RIO DE JANEIRO, 29 nov (IPS) - Un devin nigérian danse et chante à côté d'un prêtre brésilien de la religion Candomblé - amenée dans ce pays d'Amérique du sud par des esclaves africains - qui est désormais en train d’être sauvée de l'oubli dans les manuels scolaires sur l'histoire et la culture nationales.

Il s’appelle Jokotoye Awolade Bankolé, un prince tribal de 55 ans originaire d’Onpeu-Ogbomoso, dans l'Etat d’Oyo, dans le sud-ouest du Nigeria, et un adepte d'Ifa, un système de divination du peuple yoruba qui a été déclaré comme faisant partie du Patrimoine culturel immatériel de l'humanité en 2005 par l'Organisation des Nations Unies pour l'éducation, la science et la culture (UNESCO).

Le prêtre de Candomblé, Alexander Rocha da Silva, ou "Alexander de Oxossi", comme on l’appelle dans sa religion, a accueilli Bankolé dans son "terreiro" ou temple. Il est blanc, bien qu’il ait demandé à IPS: "qui au Brésil peut dire qu'il n'a rien avec l'Afrique sous sa peau?".

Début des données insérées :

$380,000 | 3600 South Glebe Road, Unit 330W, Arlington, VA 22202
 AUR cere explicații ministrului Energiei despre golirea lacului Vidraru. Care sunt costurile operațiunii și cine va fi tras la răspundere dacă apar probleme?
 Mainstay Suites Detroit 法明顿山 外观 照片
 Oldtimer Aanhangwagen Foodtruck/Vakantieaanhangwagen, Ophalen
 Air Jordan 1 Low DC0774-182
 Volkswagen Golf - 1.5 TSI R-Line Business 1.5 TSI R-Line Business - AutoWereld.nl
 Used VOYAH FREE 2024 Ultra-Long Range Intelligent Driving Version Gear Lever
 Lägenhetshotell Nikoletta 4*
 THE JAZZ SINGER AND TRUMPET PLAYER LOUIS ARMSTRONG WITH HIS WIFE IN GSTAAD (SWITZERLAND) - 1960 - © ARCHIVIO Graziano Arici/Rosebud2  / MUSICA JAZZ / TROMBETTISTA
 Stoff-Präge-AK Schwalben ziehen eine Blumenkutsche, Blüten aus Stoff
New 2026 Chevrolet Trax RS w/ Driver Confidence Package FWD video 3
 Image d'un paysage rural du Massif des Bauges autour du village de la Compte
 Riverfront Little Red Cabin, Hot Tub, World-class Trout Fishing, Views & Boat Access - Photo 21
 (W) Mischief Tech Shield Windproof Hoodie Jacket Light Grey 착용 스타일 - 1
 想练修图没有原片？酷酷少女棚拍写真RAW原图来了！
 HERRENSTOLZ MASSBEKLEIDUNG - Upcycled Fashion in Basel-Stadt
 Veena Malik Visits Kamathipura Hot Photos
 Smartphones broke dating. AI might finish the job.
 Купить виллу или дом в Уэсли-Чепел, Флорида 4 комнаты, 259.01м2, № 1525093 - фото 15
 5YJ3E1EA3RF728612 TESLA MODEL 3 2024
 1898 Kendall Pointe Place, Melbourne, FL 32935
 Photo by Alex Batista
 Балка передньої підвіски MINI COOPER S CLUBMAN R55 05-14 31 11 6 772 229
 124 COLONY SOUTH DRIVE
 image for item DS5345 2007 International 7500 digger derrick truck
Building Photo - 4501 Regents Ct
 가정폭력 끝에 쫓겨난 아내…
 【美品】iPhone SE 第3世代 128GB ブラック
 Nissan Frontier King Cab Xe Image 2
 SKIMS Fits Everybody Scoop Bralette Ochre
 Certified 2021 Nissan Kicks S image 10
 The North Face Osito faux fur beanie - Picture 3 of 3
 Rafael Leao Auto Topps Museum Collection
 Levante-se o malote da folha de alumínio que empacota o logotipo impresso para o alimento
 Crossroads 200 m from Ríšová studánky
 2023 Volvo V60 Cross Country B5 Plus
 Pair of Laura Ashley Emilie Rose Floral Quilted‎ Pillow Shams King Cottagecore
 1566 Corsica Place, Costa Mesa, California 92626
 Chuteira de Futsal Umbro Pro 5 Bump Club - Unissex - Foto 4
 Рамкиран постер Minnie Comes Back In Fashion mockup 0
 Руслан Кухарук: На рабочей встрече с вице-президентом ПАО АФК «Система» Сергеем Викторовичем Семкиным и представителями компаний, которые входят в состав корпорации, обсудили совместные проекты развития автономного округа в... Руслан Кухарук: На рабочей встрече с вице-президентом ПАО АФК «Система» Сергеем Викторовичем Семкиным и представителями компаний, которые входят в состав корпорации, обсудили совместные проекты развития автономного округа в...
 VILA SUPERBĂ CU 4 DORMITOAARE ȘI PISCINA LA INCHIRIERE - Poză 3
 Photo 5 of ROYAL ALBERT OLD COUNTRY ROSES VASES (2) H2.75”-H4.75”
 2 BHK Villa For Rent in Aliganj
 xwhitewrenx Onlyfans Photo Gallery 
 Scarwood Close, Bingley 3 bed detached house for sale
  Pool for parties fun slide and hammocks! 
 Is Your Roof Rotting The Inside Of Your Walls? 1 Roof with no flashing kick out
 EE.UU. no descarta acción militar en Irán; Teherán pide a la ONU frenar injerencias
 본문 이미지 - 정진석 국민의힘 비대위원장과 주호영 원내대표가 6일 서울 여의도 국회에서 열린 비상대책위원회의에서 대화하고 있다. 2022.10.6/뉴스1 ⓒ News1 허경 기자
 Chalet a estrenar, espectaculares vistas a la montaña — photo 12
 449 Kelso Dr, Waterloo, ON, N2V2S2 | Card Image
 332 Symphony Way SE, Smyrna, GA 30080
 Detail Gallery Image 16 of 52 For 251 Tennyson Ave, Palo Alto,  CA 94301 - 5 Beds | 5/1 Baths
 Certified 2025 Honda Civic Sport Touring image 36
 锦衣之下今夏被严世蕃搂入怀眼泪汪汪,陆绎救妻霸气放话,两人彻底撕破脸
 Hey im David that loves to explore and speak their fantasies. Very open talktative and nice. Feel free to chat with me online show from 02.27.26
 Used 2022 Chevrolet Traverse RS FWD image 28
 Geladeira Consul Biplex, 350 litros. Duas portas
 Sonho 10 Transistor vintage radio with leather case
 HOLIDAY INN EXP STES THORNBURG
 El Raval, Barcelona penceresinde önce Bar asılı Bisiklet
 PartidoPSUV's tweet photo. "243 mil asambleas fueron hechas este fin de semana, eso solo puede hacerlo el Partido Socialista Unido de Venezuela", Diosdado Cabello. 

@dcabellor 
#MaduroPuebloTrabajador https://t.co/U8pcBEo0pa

Ce pays, où plus de 50 pour cent de la population de 194 millions d’habitants s'identifient comme noirs ou "mulâtres" lors d’un recensement, a mis en lumière son histoire européenne, la "conquête" portugaise et la pratique de la religion catholique.

Selon le recensement de 2010, 64,6 pour cent de la population s’identifient comme catholiques, suivie de 22,2 pour cent qui pratiquent des cultes évangéliques, principalement néo-pentecôtistes.

Bon nombre de ceux qui se déclarent ouvertement être des disciples de religions d'origine africaine, comme Umbanda et Candomblé, qui représentent 0,3 pour cent de la population, pratiquent leurs rituels dans l'ombre.

"Il y a encore beaucoup de discrimination, en particulier lorsqu'une personne à l'école ou à l'université pratique une religion africaine", souligne Glaucia Bastos, une "iyanifa" (prêtresse d’Ifa).

Amenée au Brésil par des esclaves africains, la religion Candomblé a été soumise à une répression plus ou moins sévère depuis l'époque coloniale, et a dû se déguiser pour survivre.

"Candomblé n’a pas souffert autant de l'influence catholique comme d'autres religions, parce que les Noirs ont continué à adorer leurs 'orixás'(divinités) sous le couvert de saints catholiques", a expliqué Alexander de Oxossi à IPS.

Une persécution ouverte des religions afro-brésiliennes de la part de la police a continué après le milieu du 20ème siècle.

Bastos, dont le père est portugais, mais qui s'identifie comme noir "à cause de l'arbre généalogique de sa mère", indique à IPS que "jusqu'à il y a 27 ans, les gens dans les rues avaient l’habitude de crier 'macumbera' à mon égard", un mot d'origine africaine utilisé péjorativement pour désigner un praticien de la magie noire.

Edna Teixeira de Araujo a déclaré à IPS que jusque vers 1970, Candomblé se pratiquait dans les arrière-cours des maisons de samba - un rythme musical afro-brésilien. "Il y avait un cercle de danse samba devant, et Candomblé se déroulait derrière, pour la maintenir cachée", a expliqué de Araujo, qui, comme d’autres participants à cette célébration en l'honneur de Bankolé, portait un habit de fête des Yoruba du Nigeria.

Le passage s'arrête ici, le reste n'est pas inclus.